Create peer-recovery retention leases by DaveCTurner · Pull Request #43190 · elastic/elasticsearch

DaveCTurner · 2019-06-13T09:05:38Z

This creates a peer-recovery retention lease for every shard during recovery,
ensuring that the replication group retains history for future peer recoveries.
It also ensures that leases for active shard copies do not expire, and leases
for inactive shard copies expire immediately if the shard is fully-allocated.

Relates #41536

This creates a peer-recovery retention lease for every shard during recovery, ensuring that the replication group retains history for future peer recoveries. It also ensures that leases for active shard copies do not expire, and leases for inactive shard copies expire immediately if the shard is fully-allocated. Relates elastic#41536

elasticmachine · 2019-06-13T09:05:40Z

Pinging @elastic/es-distributed

…peer-recovery-retention-leases

ywelsch

I've done a first pass and left some questions, mainly to get a better understanding of the scope of the change.

ywelsch · 2019-06-17T09:27:09Z

client/rest-high-level/src/test/java/org/elasticsearch/client/CCRIT.java

            final List<?> leases = (List<?>) retentionLeasesStats.get("leases");
-            assertThat(leases, empty());
+            for (final Object lease : leases) {
+                assertThat(((Map<?, ?>) lease).get("source"), equalTo(ReplicationTracker.PEER_RECOVERY_RETENTION_LEASE_SOURCE));


can we instead assert the absence of CCR leases?

Not as robustly as I'd like, no. We could say there's no leases with source "ccr", but that's a lot weaker than saying the only remaining leases are PRRLs, similarly to how we previously asserted that there were no leases at all.

Can we use toMapExcludingPeerRecoveryRetentionLeases here?

Not very easily.
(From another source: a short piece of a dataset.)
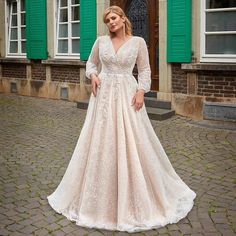 a woman standing in front of green shutters wearing a wedding dress with long sleeves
Here we are the other side of the high-level REST API, and this doesn't include indices stats so we don't have access to a RetentionLeases object. It would be quite some work to build one.

ah, I did not realize that it's a rest test.

server/src/main/java/org/elasticsearch/index/seqno/ReplicationTracker.java

ywelsch · 2019-06-17T09:44:06Z

server/src/main/java/org/elasticsearch/index/seqno/ReplicationTracker.java

        this.pendingInSync = new HashSet<>();
        this.routingTable = null;
        this.replicationGroup = null;
+        assert Version.V_EMPTY.equals(indexSettings.getIndexVersionCreated()) == false;


is this to catch issues where tests have not been properly set up?

Yes, if this is unset then the crucial assertions are skipped, which is Very Bad™.

ywelsch · 2019-06-17T09:49:12Z

server/src/main/java/org/elasticsearch/index/seqno/ReplicationTracker.java

+            if (retentionLeases.get(leaseId) == null) {
+                /*
+                 * We might have got here here via a rolling upgrade from an older version that doesn't create peer recovery retention
+                 * leases for every shard copy, but in this case we do not expect any leases to exist.


this might also be a recovery from store?
What about when we become primary due to a primary relocation? Do we need to do this as well?

This comment is explaining the following if (indexSettings.getIndexVersionCreated().onOrAfter(Version.V_8_0_0)). Covering the cases when the index was created in an earlier version is out of scope here.

In a primary relocation the new primary, being a tracked replica, already has a lease.

Covering the cases when the index was created in an earlier version is out of scope here.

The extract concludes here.